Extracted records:
■ ■ ■ ■ ■ ■ ■
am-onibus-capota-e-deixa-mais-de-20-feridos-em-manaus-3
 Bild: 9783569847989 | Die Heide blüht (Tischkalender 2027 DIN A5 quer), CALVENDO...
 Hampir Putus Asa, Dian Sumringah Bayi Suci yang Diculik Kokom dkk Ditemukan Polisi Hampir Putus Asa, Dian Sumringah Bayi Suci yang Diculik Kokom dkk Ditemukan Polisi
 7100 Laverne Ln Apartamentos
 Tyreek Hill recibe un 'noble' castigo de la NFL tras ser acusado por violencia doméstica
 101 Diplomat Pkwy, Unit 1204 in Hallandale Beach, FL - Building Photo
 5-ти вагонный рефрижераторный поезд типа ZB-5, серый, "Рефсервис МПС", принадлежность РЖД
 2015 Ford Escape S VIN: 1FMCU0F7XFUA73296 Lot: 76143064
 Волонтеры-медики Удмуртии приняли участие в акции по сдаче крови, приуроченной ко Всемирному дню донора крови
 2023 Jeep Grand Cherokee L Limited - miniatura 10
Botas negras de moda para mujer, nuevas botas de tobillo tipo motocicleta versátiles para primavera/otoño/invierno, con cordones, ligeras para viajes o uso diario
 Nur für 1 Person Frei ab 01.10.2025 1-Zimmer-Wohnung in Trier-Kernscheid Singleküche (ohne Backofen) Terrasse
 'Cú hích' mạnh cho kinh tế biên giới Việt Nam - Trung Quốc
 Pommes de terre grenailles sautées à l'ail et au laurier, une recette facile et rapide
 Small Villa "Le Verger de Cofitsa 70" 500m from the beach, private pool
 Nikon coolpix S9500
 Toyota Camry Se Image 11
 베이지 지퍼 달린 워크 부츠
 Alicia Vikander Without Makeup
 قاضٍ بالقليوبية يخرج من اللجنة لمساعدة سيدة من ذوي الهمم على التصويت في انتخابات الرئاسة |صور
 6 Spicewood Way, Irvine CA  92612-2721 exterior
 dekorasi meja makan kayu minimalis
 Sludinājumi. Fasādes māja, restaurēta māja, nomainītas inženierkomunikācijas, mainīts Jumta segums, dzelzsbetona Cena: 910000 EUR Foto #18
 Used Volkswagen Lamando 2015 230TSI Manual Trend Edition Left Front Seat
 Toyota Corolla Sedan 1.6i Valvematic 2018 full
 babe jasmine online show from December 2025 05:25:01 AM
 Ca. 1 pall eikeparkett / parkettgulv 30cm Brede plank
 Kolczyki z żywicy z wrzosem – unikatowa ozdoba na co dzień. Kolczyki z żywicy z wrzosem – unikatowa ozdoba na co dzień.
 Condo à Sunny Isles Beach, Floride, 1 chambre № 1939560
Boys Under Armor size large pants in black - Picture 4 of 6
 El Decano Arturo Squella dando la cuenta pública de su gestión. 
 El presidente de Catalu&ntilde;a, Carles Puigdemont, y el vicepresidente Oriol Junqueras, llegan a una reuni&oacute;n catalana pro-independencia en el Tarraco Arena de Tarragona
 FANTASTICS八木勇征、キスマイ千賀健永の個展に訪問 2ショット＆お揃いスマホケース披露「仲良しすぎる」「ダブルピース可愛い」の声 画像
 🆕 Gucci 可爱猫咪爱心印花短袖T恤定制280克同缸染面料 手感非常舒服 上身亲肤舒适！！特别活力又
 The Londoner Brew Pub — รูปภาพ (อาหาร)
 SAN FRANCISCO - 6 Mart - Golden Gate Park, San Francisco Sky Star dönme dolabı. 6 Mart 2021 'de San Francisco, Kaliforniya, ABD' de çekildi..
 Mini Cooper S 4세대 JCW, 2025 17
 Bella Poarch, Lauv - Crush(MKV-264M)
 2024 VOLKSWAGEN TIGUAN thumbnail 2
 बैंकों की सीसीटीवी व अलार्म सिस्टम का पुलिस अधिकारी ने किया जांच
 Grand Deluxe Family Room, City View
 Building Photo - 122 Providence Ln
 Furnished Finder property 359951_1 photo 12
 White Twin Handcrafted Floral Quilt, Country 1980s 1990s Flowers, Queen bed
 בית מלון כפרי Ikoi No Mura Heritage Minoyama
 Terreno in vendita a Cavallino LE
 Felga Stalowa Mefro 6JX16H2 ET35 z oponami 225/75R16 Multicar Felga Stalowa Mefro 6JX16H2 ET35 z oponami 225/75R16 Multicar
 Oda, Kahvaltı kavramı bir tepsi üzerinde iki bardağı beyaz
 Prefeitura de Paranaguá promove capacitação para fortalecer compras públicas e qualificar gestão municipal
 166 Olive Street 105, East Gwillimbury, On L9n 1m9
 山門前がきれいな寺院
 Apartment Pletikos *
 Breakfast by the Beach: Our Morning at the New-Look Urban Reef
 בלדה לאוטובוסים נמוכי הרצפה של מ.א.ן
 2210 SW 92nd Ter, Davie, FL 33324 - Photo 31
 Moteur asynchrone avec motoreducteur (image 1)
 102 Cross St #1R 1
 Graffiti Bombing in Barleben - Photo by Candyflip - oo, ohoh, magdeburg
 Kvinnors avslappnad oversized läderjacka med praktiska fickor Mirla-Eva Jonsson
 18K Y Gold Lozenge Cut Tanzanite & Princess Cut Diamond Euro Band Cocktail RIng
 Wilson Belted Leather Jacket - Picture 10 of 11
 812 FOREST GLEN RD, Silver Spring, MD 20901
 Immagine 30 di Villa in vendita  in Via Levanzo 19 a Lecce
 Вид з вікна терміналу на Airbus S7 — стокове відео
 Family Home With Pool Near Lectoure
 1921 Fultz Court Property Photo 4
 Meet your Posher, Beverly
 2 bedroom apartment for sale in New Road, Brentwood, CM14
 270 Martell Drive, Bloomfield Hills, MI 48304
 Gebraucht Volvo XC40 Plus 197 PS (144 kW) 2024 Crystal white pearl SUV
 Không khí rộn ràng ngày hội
■ ■ ■ ■ ■ ■ ■
What you return should be exactly the lines above, starting at the one with "225/75R16 Multicar Felga" and ending at the one with "1921 Fultz Court Property Photo 4", and nothing else.

 Felga Stalowa Mefro 6JX16H2 ET35 z oponami 225/75R16 Multicar Felga Stalowa Mefro 6JX16H2 ET35 z oponami 225/75R16 Multicar
 Oda, Kahvaltı kavramı bir tepsi üzerinde iki bardağı beyaz
 Prefeitura de Paranaguá promove capacitação para fortalecer compras públicas e qualificar gestão municipal
 166 Olive Street 105, East Gwillimbury, On L9n 1m9
 山門前がきれいな寺院
 Apartment Pletikos *
 Breakfast by the Beach: Our Morning at the New-Look Urban Reef
 בלדה לאוטובוסים נמוכי הרצפה של מ.א.ן
 2210 SW 92nd Ter, Davie, FL 33324 - Photo 31
 Moteur asynchrone avec motoreducteur (image 1)
 102 Cross St #1R 1
 Graffiti Bombing in Barleben - Photo by Candyflip - oo, ohoh, magdeburg
 Kvinnors avslappnad oversized läderjacka med praktiska fickor Mirla-Eva Jonsson
 18K Y Gold Lozenge Cut Tanzanite & Princess Cut Diamond Euro Band Cocktail RIng
 Wilson Belted Leather Jacket - Picture 10 of 11
 812 FOREST GLEN RD, Silver Spring, MD 20901
 Immagine 30 di Villa in vendita  in Via Levanzo 19 a Lecce
 Вид з вікна терміналу на Airbus S7 — стокове відео
 Family Home With Pool Near Lectoure
 1921 Fultz Court Property Photo 4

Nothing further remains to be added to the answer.